Assignment: Please copy the lines below, exactly as they are, from the one with "陳又瑋生涯首絕殺　輔大與中州爭8強" through the one with "A LOUER : Local d'activités de 647 m²", and leave out the pictures.
Dataset: Begin
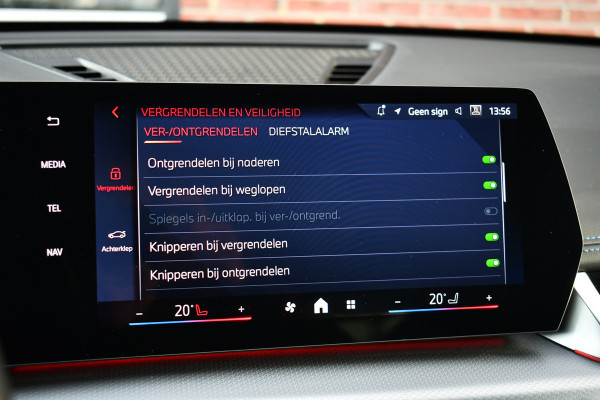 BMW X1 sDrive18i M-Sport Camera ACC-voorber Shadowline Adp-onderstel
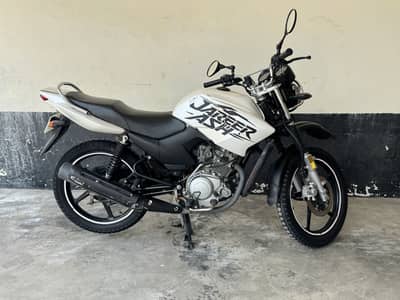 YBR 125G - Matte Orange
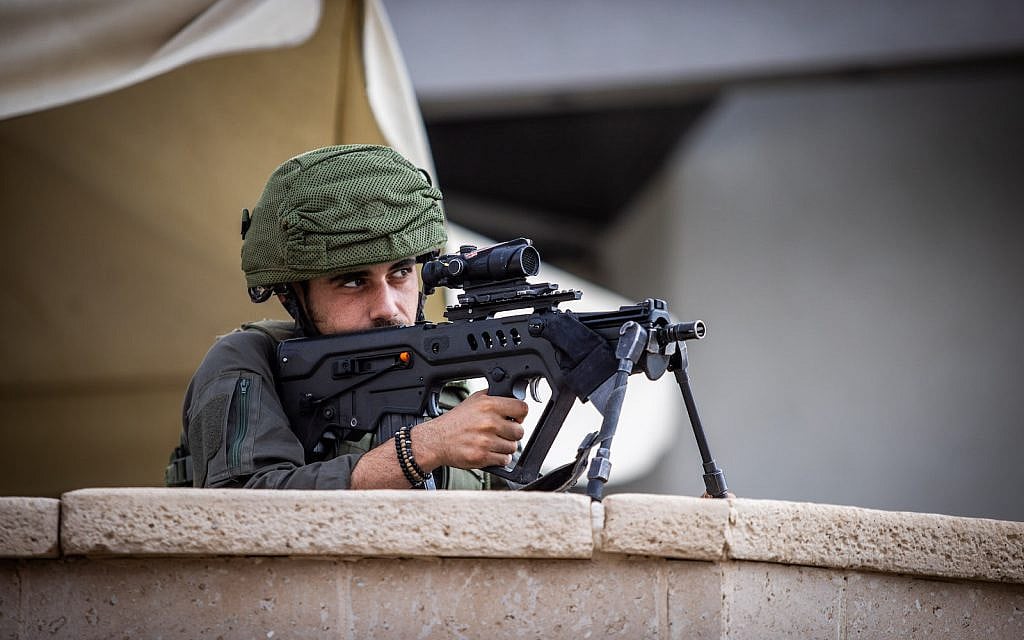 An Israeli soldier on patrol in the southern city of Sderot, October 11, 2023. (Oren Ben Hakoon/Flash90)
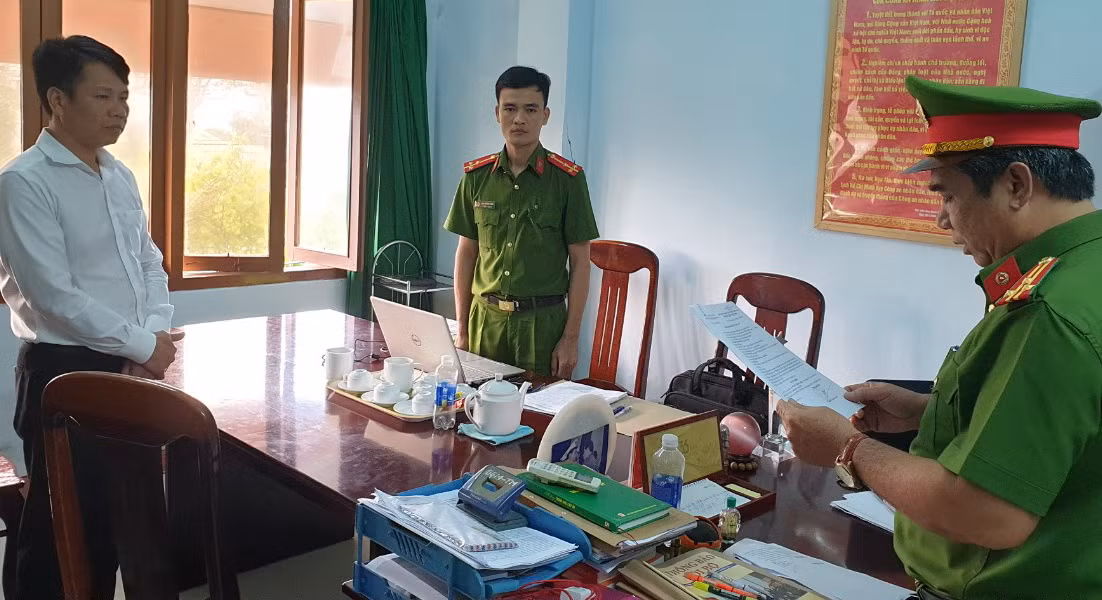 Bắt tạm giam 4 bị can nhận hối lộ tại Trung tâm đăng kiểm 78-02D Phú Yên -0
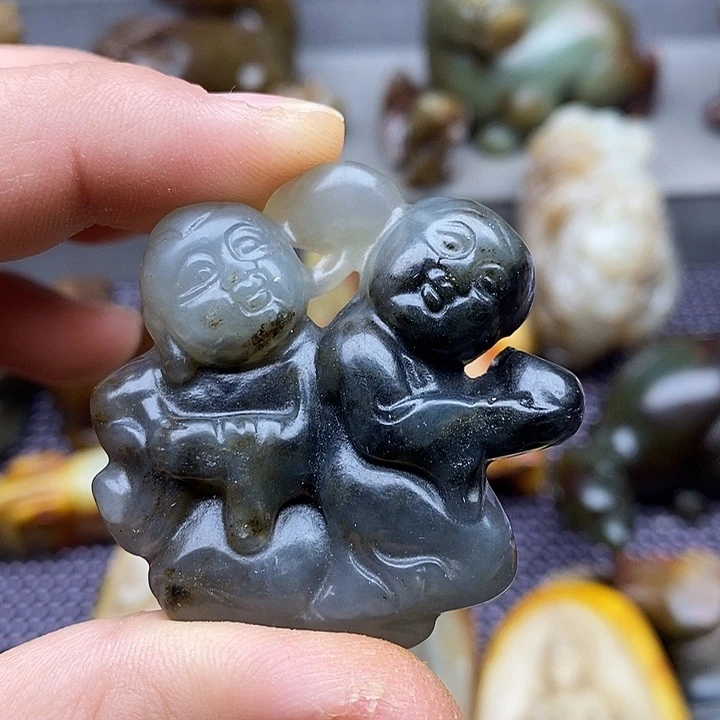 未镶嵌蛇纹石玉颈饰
Dataset: End
Dataset: Begin
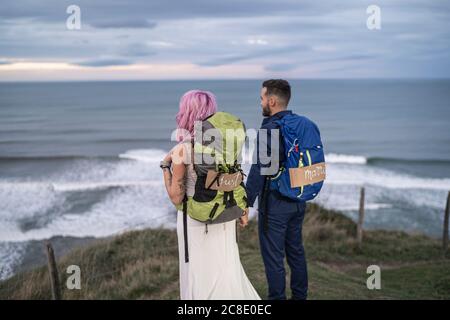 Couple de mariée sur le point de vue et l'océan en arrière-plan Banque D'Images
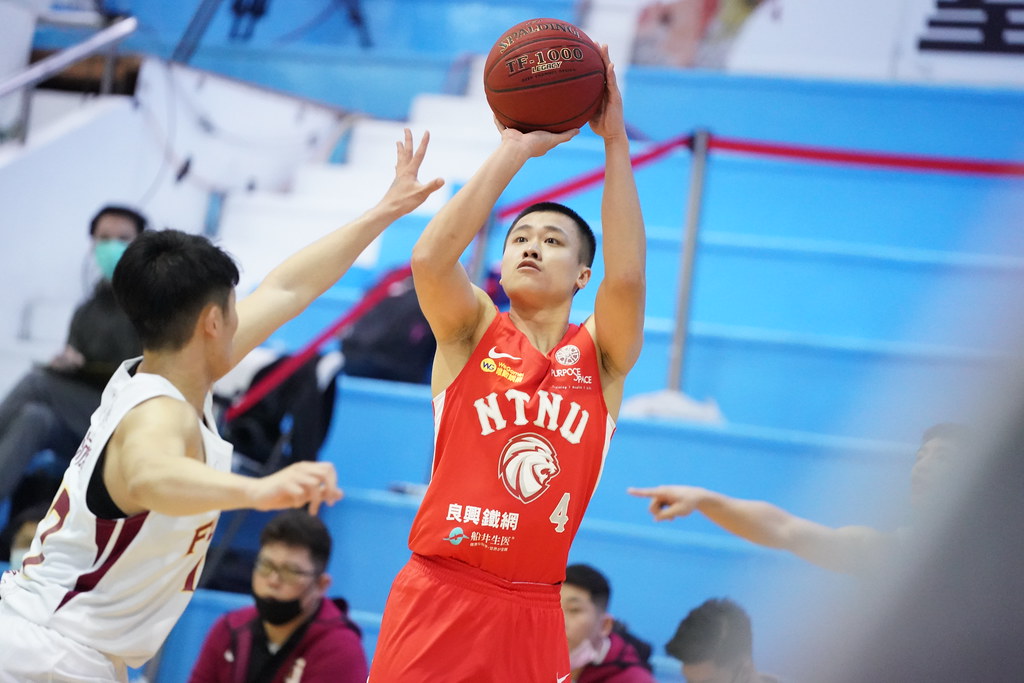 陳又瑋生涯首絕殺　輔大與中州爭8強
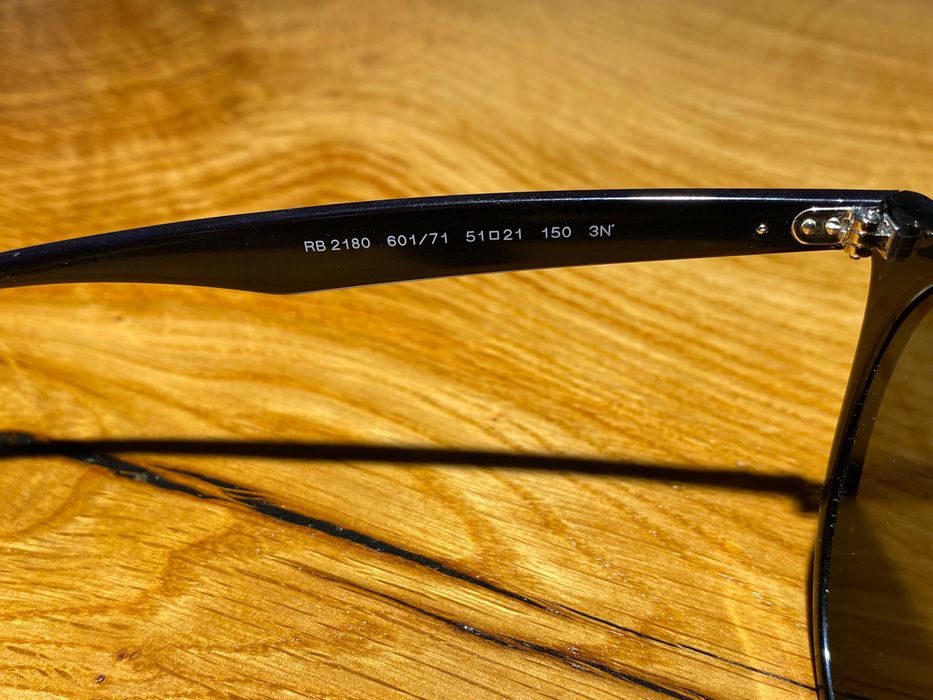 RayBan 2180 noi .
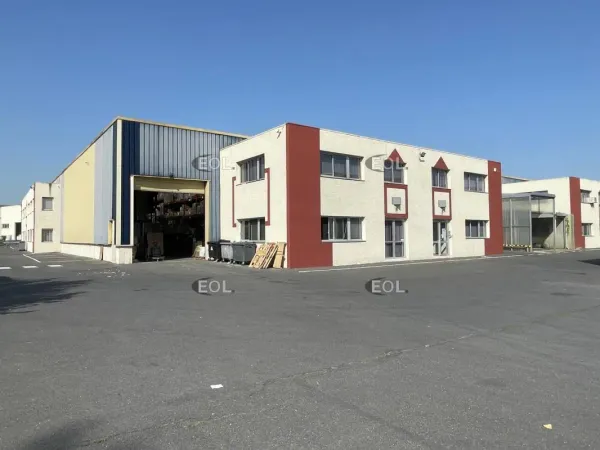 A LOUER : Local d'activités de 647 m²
Dataset: End
Result of this exercise:
 陳又瑋生涯首絕殺　輔大與中州爭8強
 RayBan 2180 noi .
 A LOUER : Local d'activités de 647 m²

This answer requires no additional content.